= Beginning of Section =

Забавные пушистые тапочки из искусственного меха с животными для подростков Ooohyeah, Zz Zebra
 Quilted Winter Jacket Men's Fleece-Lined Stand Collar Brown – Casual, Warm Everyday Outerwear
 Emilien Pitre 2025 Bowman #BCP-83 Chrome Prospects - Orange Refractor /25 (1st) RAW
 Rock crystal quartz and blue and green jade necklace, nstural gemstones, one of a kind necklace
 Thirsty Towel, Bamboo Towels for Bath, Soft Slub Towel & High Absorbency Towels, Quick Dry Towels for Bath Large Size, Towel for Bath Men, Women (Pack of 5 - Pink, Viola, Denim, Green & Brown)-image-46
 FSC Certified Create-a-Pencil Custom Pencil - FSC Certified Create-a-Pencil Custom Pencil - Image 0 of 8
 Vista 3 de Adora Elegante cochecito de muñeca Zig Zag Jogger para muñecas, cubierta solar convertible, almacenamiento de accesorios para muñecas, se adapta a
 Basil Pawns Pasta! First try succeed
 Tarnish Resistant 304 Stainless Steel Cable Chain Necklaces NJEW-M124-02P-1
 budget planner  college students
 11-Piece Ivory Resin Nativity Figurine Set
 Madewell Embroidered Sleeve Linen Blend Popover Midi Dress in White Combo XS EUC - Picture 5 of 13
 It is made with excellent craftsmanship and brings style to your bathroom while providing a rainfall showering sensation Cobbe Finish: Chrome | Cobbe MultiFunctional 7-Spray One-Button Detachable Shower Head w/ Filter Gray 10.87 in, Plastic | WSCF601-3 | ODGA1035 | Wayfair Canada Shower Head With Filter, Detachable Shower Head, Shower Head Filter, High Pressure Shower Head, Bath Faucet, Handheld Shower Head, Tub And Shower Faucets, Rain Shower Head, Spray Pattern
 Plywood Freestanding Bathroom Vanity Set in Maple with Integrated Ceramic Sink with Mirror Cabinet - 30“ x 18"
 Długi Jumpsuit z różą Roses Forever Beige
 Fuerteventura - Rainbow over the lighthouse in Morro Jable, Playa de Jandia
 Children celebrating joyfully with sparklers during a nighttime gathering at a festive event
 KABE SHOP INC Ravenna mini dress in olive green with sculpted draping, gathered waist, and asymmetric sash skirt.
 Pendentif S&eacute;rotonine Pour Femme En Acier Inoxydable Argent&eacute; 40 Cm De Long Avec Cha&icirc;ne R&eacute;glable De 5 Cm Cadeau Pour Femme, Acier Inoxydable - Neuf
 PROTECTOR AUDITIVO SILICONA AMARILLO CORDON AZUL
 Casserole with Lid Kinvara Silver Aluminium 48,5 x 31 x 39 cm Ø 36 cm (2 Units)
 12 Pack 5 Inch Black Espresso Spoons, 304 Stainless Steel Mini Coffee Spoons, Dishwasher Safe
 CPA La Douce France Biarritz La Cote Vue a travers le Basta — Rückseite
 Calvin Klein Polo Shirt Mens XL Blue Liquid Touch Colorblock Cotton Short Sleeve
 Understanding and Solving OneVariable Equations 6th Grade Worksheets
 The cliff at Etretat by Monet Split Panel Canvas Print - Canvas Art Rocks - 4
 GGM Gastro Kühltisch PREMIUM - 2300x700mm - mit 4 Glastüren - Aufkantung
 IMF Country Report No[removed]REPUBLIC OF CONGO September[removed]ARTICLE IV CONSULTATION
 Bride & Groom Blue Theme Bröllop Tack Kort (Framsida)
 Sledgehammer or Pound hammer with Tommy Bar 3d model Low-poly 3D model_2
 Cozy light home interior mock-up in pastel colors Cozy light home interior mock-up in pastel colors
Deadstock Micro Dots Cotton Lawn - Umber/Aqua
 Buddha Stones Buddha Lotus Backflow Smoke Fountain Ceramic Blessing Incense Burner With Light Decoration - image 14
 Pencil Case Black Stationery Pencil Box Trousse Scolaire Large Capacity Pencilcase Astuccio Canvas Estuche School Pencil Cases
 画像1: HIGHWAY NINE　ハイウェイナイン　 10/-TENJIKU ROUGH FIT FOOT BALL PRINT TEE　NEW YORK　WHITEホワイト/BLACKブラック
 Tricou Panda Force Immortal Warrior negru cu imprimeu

= End of Section =

Exercise details :: Word for word, repeat every entry listed above.

Task result ::
Забавные пушистые тапочки из искусственного меха с животными для подростков Ooohyeah, Zz Zebra
 Quilted Winter Jacket Men's Fleece-Lined Stand Collar Brown – Casual, Warm Everyday Outerwear
 Emilien Pitre 2025 Bowman #BCP-83 Chrome Prospects - Orange Refractor /25 (1st) RAW
 Rock crystal quartz and blue and green jade necklace, nstural gemstones, one of a kind necklace
 Thirsty Towel, Bamboo Towels for Bath, Soft Slub Towel & High Absorbency Towels, Quick Dry Towels for Bath Large Size, Towel for Bath Men, Women (Pack of 5 - Pink, Viola, Denim, Green & Brown)-image-46
 FSC Certified Create-a-Pencil Custom Pencil - FSC Certified Create-a-Pencil Custom Pencil - Image 0 of 8
 Vista 3 de Adora Elegante cochecito de muñeca Zig Zag Jogger para muñecas, cubierta solar convertible, almacenamiento de accesorios para muñecas, se adapta a
 Basil Pawns Pasta! First try succeed
 Tarnish Resistant 304 Stainless Steel Cable Chain Necklaces NJEW-M124-02P-1
 budget planner  college students
 11-Piece Ivory Resin Nativity Figurine Set
 Madewell Embroidered Sleeve Linen Blend Popover Midi Dress in White Combo XS EUC - Picture 5 of 13
 It is made with excellent craftsmanship and brings style to your bathroom while providing a rainfall showering sensation Cobbe Finish: Chrome | Cobbe MultiFunctional 7-Spray One-Button Detachable Shower Head w/ Filter Gray 10.87 in, Plastic | WSCF601-3 | ODGA1035 | Wayfair Canada Shower Head With Filter, Detachable Shower Head, Shower Head Filter, High Pressure Shower Head, Bath Faucet, Handheld Shower Head, Tub And Shower Faucets, Rain Shower Head, Spray Pattern
 Plywood Freestanding Bathroom Vanity Set in Maple with Integrated Ceramic Sink with Mirror Cabinet - 30“ x 18"
 Długi Jumpsuit z różą Roses Forever Beige
 Fuerteventura - Rainbow over the lighthouse in Morro Jable, Playa de Jandia
 Children celebrating joyfully with sparklers during a nighttime gathering at a festive event
 KABE SHOP INC Ravenna mini dress in olive green with sculpted draping, gathered waist, and asymmetric sash skirt.
 Pendentif S&eacute;rotonine Pour Femme En Acier Inoxydable Argent&eacute; 40 Cm De Long Avec Cha&icirc;ne R&eacute;glable De 5 Cm Cadeau Pour Femme, Acier Inoxydable - Neuf
 PROTECTOR AUDITIVO SILICONA AMARILLO CORDON AZUL
 Casserole with Lid Kinvara Silver Aluminium 48,5 x 31 x 39 cm Ø 36 cm (2 Units)
 12 Pack 5 Inch Black Espresso Spoons, 304 Stainless Steel Mini Coffee Spoons, Dishwasher Safe
 CPA La Douce France Biarritz La Cote Vue a travers le Basta — Rückseite
 Calvin Klein Polo Shirt Mens XL Blue Liquid Touch Colorblock Cotton Short Sleeve
 Understanding and Solving OneVariable Equations 6th Grade Worksheets
 The cliff at Etretat by Monet Split Panel Canvas Print - Canvas Art Rocks - 4
 GGM Gastro Kühltisch PREMIUM - 2300x700mm - mit 4 Glastüren - Aufkantung
 IMF Country Report No[removed]REPUBLIC OF CONGO September[removed]ARTICLE IV CONSULTATION
 Bride & Groom Blue Theme Bröllop Tack Kort (Framsida)
 Sledgehammer or Pound hammer with Tommy Bar 3d model Low-poly 3D model_2
 Cozy light home interior mock-up in pastel colors Cozy light home interior mock-up in pastel colors
Deadstock Micro Dots Cotton Lawn - Umber/Aqua
 Buddha Stones Buddha Lotus Backflow Smoke Fountain Ceramic Blessing Incense Burner With Light Decoration - image 14
 Pencil Case Black Stationery Pencil Box Trousse Scolaire Large Capacity Pencilcase Astuccio Canvas Estuche School Pencil Cases
 画像1: HIGHWAY NINE　ハイウェイナイン　 10/-TENJIKU ROUGH FIT FOOT BALL PRINT TEE　NEW YORK　WHITEホワイト/BLACKブラック
 Tricou Panda Force Immortal Warrior negru cu imprimeu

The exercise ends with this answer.